Maximum sequence length that will be used during training. It must be larger than the sequence length of each table, and therefore is available only for multi-table datasets. If 0, no maximum sequence length is imposed.

0

Returns:

Type Description
TabularDataset

A TabularDataset object.

from_disk classmethod

from_disk(
    preproc: TabularPreproc,
    path: Path | str,
    max_block_size: int = 0,
) -> TabularDataset

Load a TabularDataset from disk.

Parameters:

Name Type Description Default
preproc TabularPreproc

The TabularPreproc object used to preprocess the data.

required
path Path | str

The path to the directory where the processed data is stored on disk.

required
max_block_size int

Maximum sequence length that will be used during training. It must be larger than the sequence length of each table, and therefore is available only for multi-table datasets. If 0, no maximum sequence length is imposed.

0

Returns:

Type Description
TabularDataset

A TabularDataset object.

TextDataset

from_data classmethod

from_data(
    data: RelationalData,
    preproc: TextPreproc,
    on_disk: bool = False,
    path: Path | str | None = None,
) -> TextDataset

Build a TextDataset from the input data.

Parameters:

Name Type Description Default
data RelationalData

A RelationalData object with the data to be processed.

required
preproc TextPreproc

A TextPreproc to preprocess the data.

required
on_disk bool

Whether to save the processed data on disk.
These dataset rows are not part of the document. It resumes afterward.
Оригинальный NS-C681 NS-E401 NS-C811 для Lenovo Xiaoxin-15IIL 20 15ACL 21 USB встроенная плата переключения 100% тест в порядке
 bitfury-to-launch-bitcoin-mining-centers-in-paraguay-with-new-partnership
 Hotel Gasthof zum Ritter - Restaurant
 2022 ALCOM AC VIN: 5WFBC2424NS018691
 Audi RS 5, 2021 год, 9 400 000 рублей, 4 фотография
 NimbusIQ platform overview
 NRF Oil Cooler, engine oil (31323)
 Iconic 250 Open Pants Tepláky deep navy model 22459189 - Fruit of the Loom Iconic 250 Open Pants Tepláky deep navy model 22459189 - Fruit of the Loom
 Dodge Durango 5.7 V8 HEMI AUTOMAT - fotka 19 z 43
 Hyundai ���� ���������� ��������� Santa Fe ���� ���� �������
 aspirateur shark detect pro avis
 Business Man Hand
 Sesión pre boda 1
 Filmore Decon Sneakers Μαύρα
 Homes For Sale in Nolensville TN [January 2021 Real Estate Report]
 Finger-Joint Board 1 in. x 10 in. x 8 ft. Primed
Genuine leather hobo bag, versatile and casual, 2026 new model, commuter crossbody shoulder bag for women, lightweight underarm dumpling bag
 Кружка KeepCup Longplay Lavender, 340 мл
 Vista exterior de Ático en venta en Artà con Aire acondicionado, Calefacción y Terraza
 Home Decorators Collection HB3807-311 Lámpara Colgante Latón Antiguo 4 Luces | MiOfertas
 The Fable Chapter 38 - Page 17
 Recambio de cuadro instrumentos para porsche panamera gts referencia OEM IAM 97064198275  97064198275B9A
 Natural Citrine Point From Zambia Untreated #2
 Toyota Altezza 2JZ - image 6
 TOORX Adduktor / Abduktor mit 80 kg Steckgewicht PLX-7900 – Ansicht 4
If True, during training the data will be loaded one batch at a time. This may slightly slow down the training, but will reduce the memory consumption.

False
path Path | str | None

The path to a directory where to save the processed data on disk. If None, it will be saved in a temporary directory.

None

Returns:

Type Description
TextDataset

A TextDataset object.

from_disk classmethod

from_disk(
    preproc: TextPreproc, path: Path | str
) -> TextDataset

Load a TextDataset from disk.

Parameters:

Name Type Description Default
preproc TextPreproc

The TextPreproc object used to preprocess the data.

required
path Path | str

The path to the directory where the processed data is stored on disk.

required

Returns:

Type Description
TextDataset

A TextDataset object.